**PROBLEM STATEMENT**:
In the copy, include no images, and repeat each entry precisely as written.

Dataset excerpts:

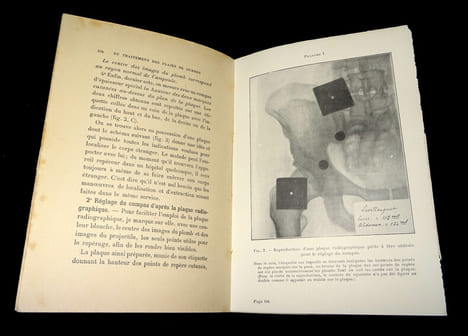 INDICATIONS GÉNÉRALES DU TRAITEMENT DES PLAIES DE GUERRE
suivies de quelques médications à l'usage des blessés, la localisation des corps étrangers, ...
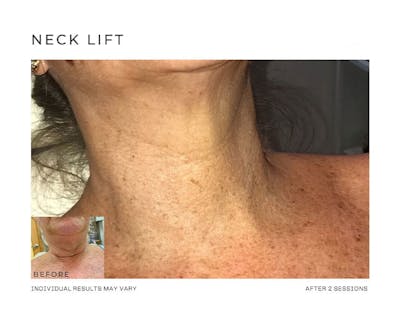 Fibroblast Before & After Gallery - Patient 146528388 - Image 1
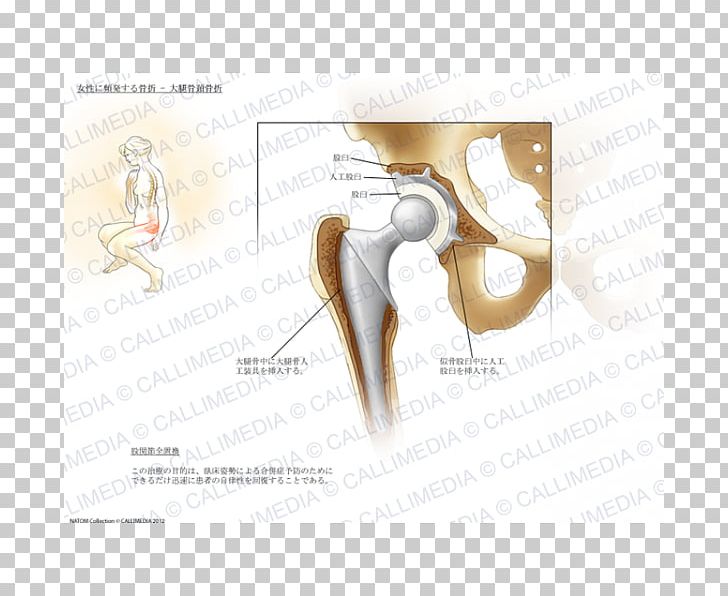 Bone Fracture Finger Femur Femoral Neck PNG, Clipart, Angle, Arm, Bone, Bone Fracture, Cartilage Free PNG Download
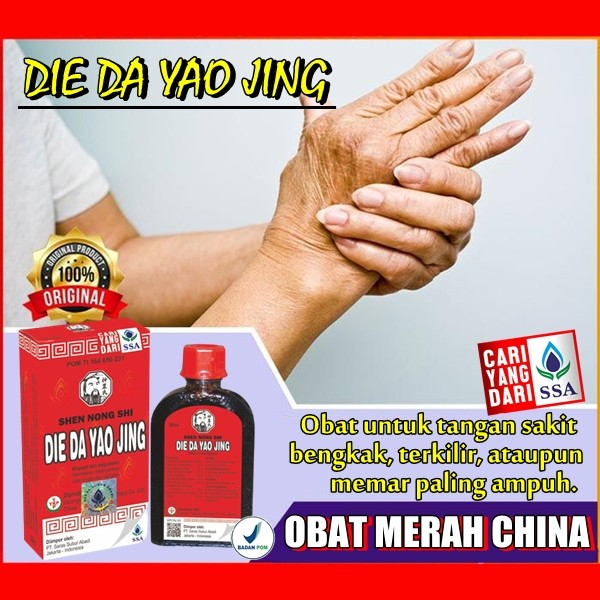 obat luka luar betadin cina obat merah china die da yao jing asli bpom mengobati tangan bengkak akib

**OUTPUT BELOW**:
 INDICATIONS GÉNÉRALES DU TRAITEMENT DES PLAIES DE GUERRE
suivies de quelques médications à l'usage des blessés, la localisation des corps étrangers, ...
 Fibroblast Before & After Gallery - Patient 146528388 - Image 1
 Bone Fracture Finger Femur Femoral Neck PNG, Clipart, Angle, Arm, Bone, Bone Fracture, Cartilage Free PNG Download
 obat luka luar betadin cina obat merah china die da yao jing asli bpom mengobati tangan bengkak akib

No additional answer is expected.